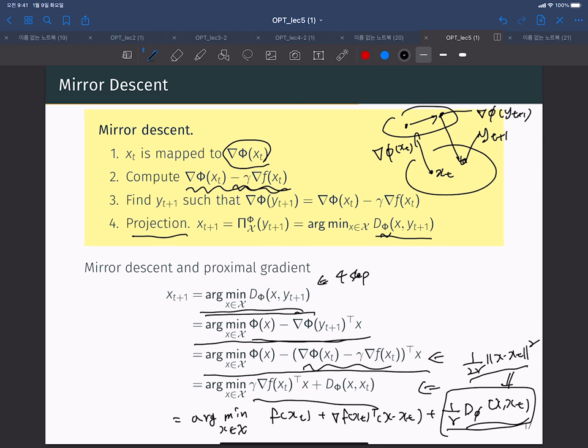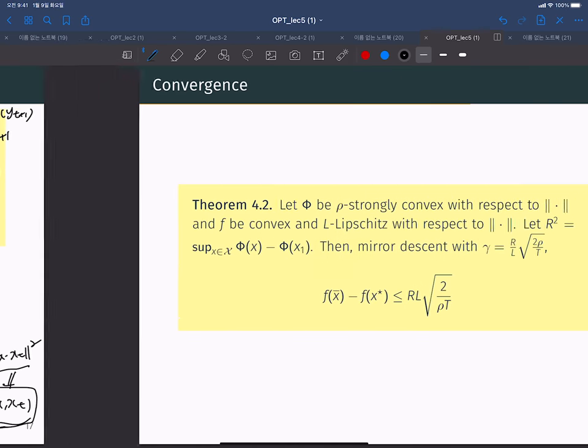This replacement means we are interested in the distance defined by the Bregman divergence, and not the Euclidean distance typically used in the gradient descent approach.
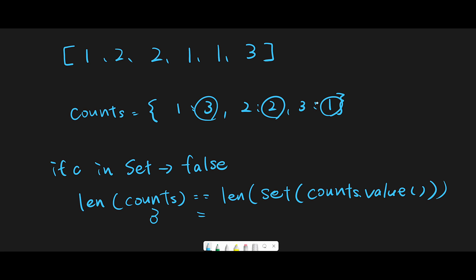and one—they are all unique. The length should be three. Three equals three, so we should return true. If not, we should return false. Let's say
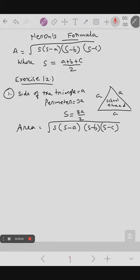Hello students, today we are going to see about Heron's formula. We will complete exercise 12.1 today. In Heron's formula, as we know already, the area of a triangle is the square root of s into s minus a into s minus b into s minus c, where s equals a plus b plus c divided by 2 — that is, s is the semi-perimeter. So the perimeter is a plus b plus c. Now we are going to use this formula to solve exercise 12.1.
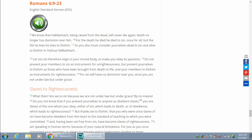Blessed art thou, Adonai, the King of the Universe, who has sanctified us with his commandments and commanded us, and rose to us with the words of the Torah. Please, Adonai, the King of the Universe, who chose us from all the nations and gave us the Torah. Blessed are you, Adonai, giver of the Torah.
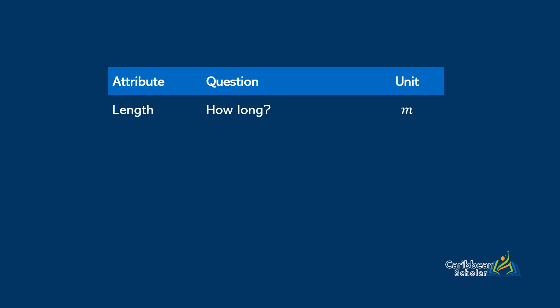Next we have the area, and the area asks the question of how much space a shape takes up in a 2D sense. So if you were to draw it on a piece of paper, the amount of paper that the shape took up would be the area.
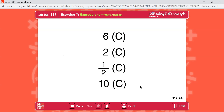Now we're switching gears to expressions. Here are expressions that multiply by C. We don't know the number for C, but C is some number. We have: six times C, two times C, one-half times C, and ten times C.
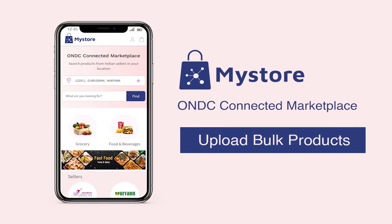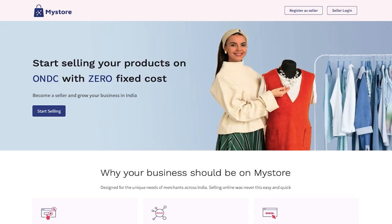Welcome to Mystore tutorials. Today I will tell you how using the import feature you can add or update multiple products at the same time.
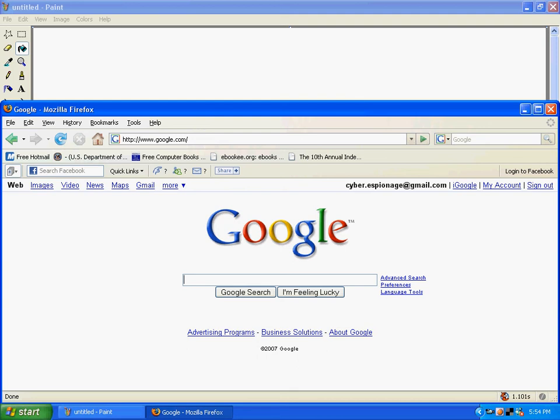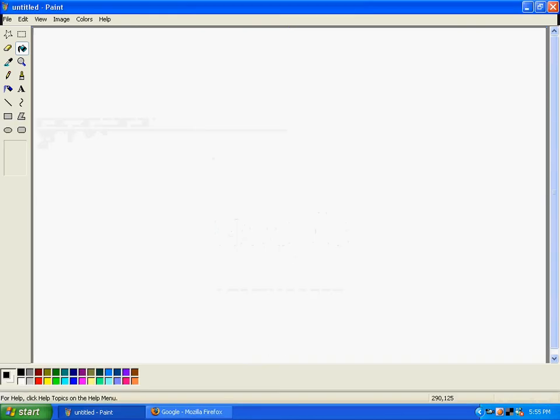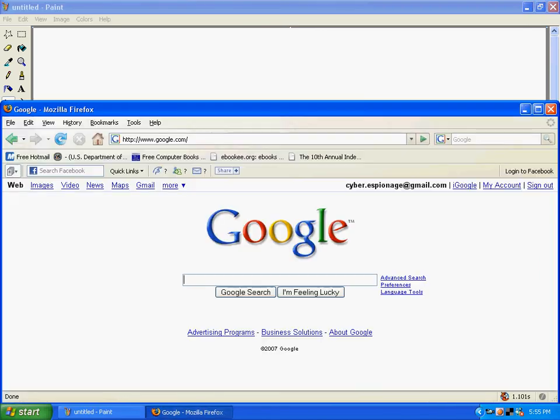Alright, you're going to need Paint and an internet browser. First you want to go to Paint, select the line tool, bold line, and blue like an ocean or the color of your internet browser. You're going to line up about right here.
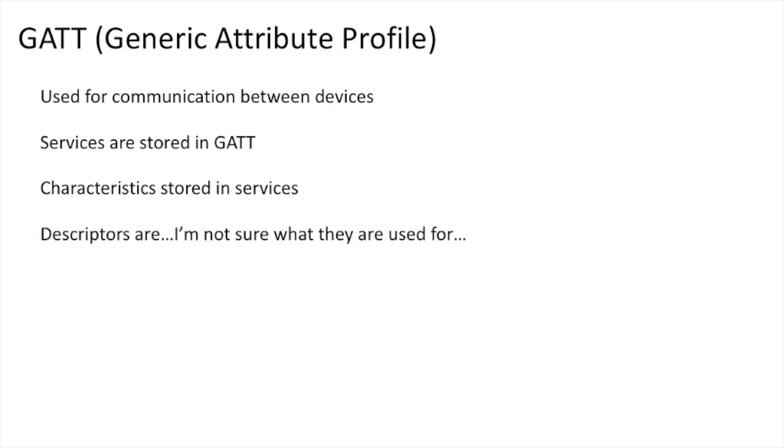And there are also descriptors, which I'm not really sure what these are used for, but you will often see them in Bluetooth Low Energy APIs. I've yet to see an application actually use them. If you know of a reason to use them, let me know, because I'm genuinely interested in that.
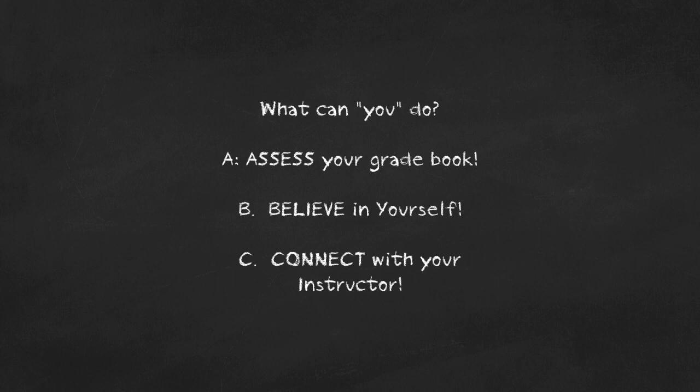A: Assess your gradebook. What are you missing? Is there anything you didn't do so well on for one of your assignments that you could maybe redo?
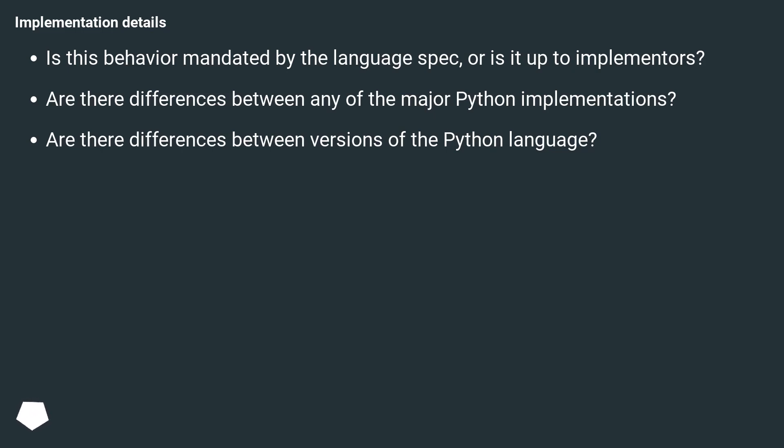Implementation details. Is this behavior mandated by the language spec, or is it up to implementers? Are there differences between any of the major Python implementations? Are there differences between versions of the Python language?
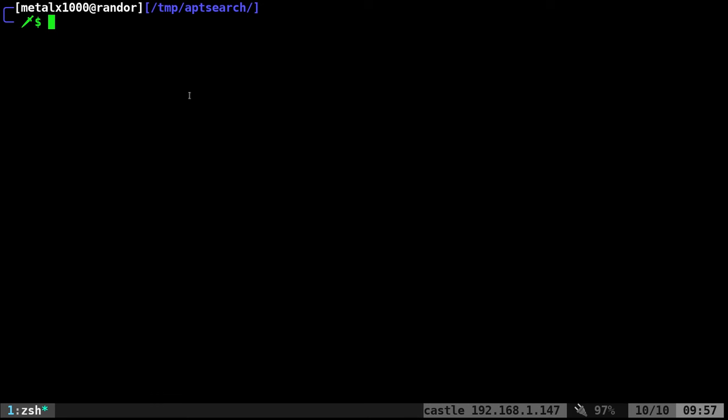If you're on a Linux system, you have package managers, depending on what system you have. I am on a Debian system. If you're on a Debian-based system, you're using some sort of apt, apt-get, or I prefer aptitude.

▶ **Problem details**:
For the data above, set down exactly the lines from the line with "Blessed art thou, Adonai, the" to the line with "Alright, you're going", both included, leaving pictures out.

▶ **Exercise solution**:
Blessed art thou, Adonai, the King of the Universe, who has sanctified us with his commandments and commanded us, and rose to us with the words of the Torah. Please, Adonai, the King of the Universe, who chose us from all the nations and gave us the Torah. Blessed are you, Adonai, giver of the Torah.
Next we have the area, and the area asks the question of how much space a shape takes up in a 2D sense. So if you were to draw it on a piece of paper, the amount of paper that the shape took up would be the area.
Now we're switching gears to expressions. Here are expressions that multiply by C. We don't know the number for C, but C is some number. We have: six times C, two times C, one-half times C, and ten times C.
Welcome to Mystore tutorials. Today I will tell you how using the import feature you can add or update multiple products at the same time.
Alright, you're going to need Paint and an internet browser. First you want to go to Paint, select the line tool, bold line, and blue like an ocean or the color of your internet browser. You're going to line up about right here.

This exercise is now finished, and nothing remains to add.